• Extracted data
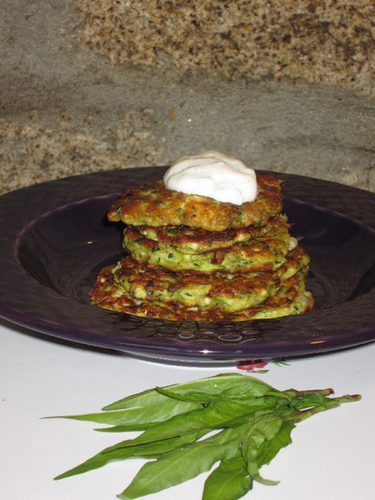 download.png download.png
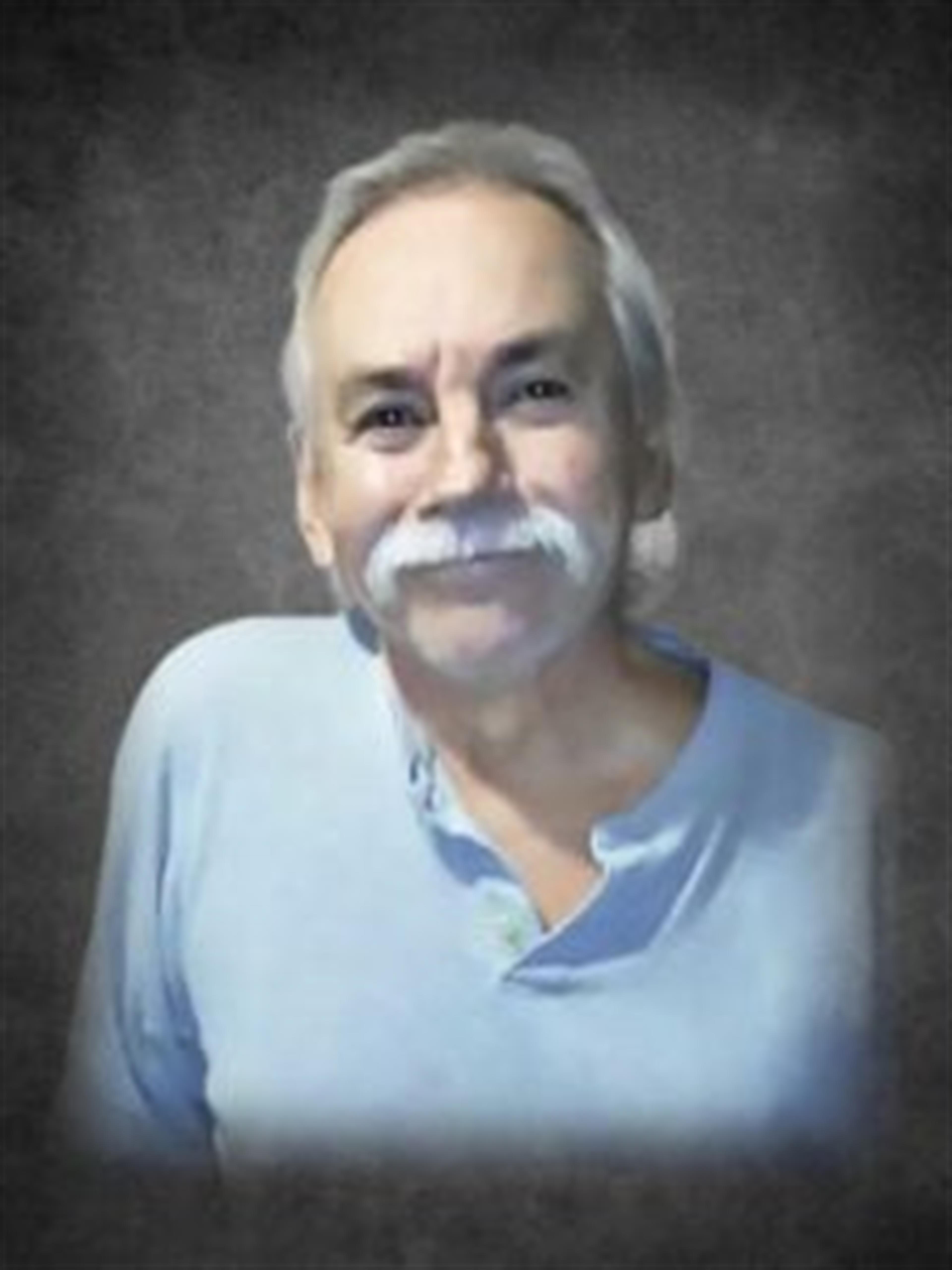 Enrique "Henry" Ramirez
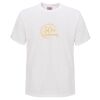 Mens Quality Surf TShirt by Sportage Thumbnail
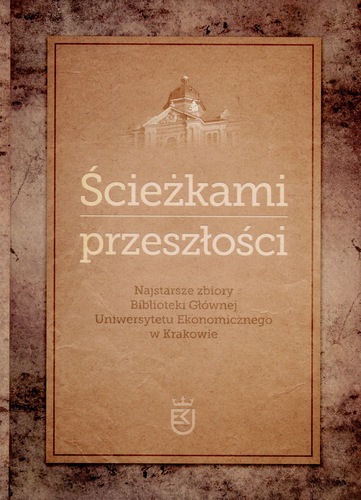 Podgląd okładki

--

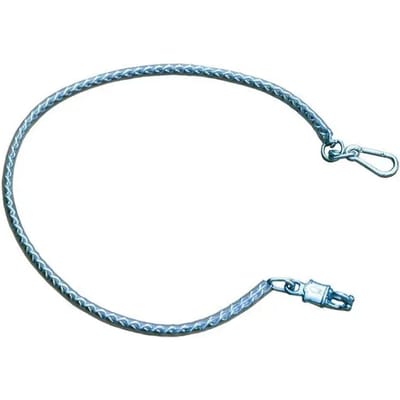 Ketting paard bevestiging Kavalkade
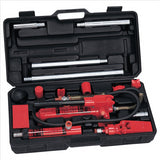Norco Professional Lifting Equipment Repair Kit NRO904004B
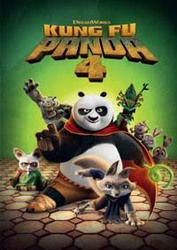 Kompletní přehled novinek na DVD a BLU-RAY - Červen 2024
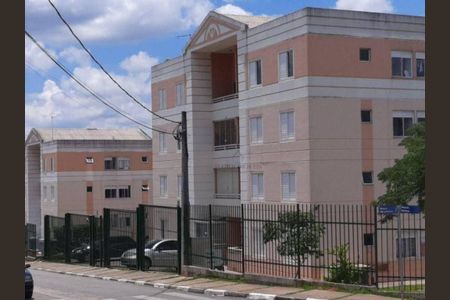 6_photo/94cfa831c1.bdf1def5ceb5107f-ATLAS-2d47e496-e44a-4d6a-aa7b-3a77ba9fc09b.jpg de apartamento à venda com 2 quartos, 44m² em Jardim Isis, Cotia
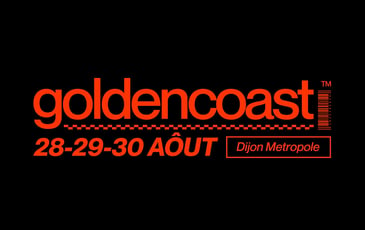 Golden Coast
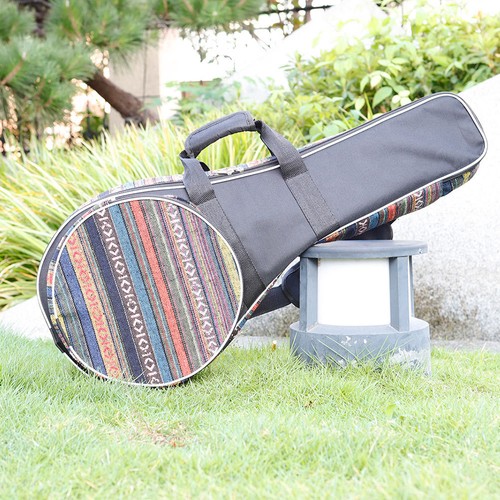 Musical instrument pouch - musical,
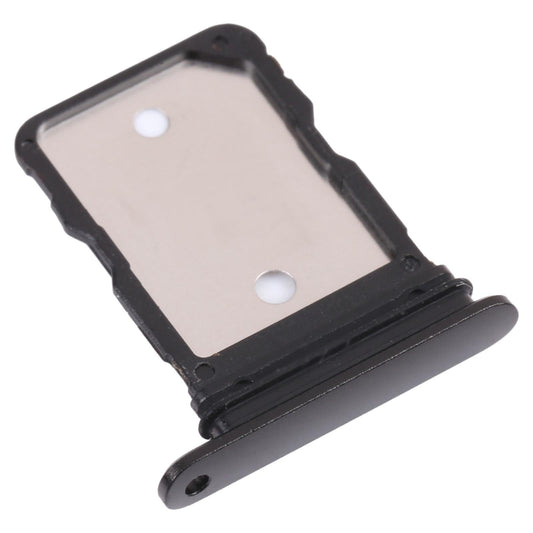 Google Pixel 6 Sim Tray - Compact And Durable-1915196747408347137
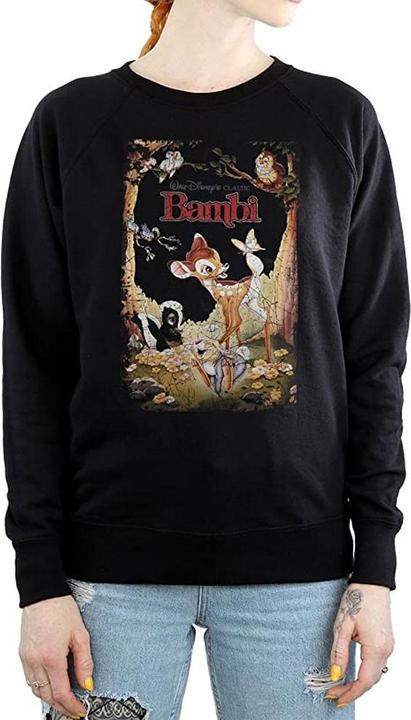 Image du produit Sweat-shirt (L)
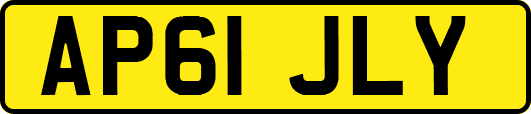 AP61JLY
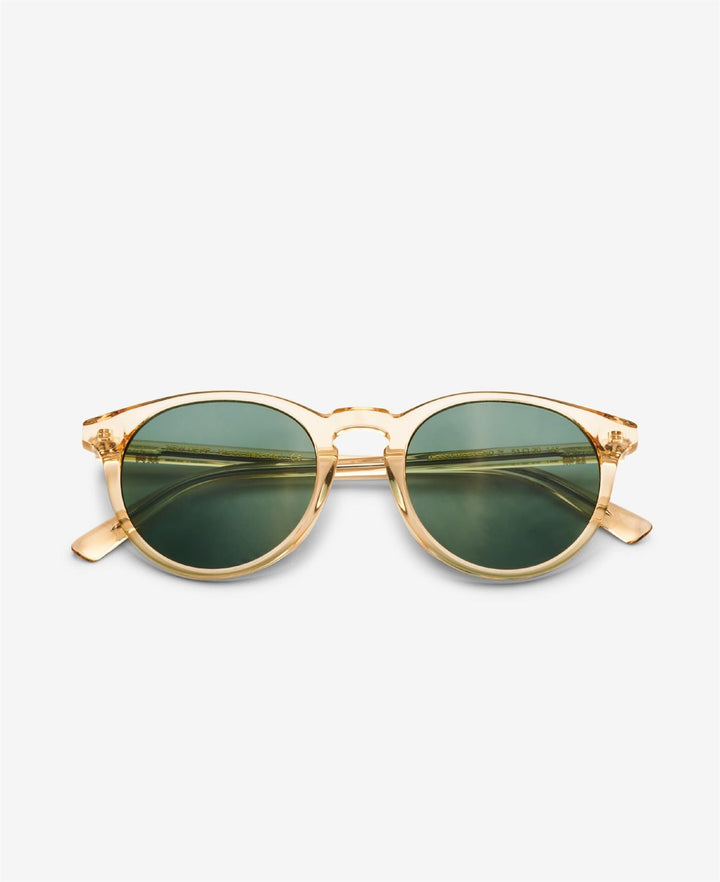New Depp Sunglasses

• What you are asked to do
Beginning with the line holding "Image du produit Sweat-shirt (L)" in the material above, restate word for word each line through the line holding "New Depp Sunglasses", and exclude pictures.

• Written reply
 Image du produit Sweat-shirt (L)
 AP61JLY
New Depp Sunglasses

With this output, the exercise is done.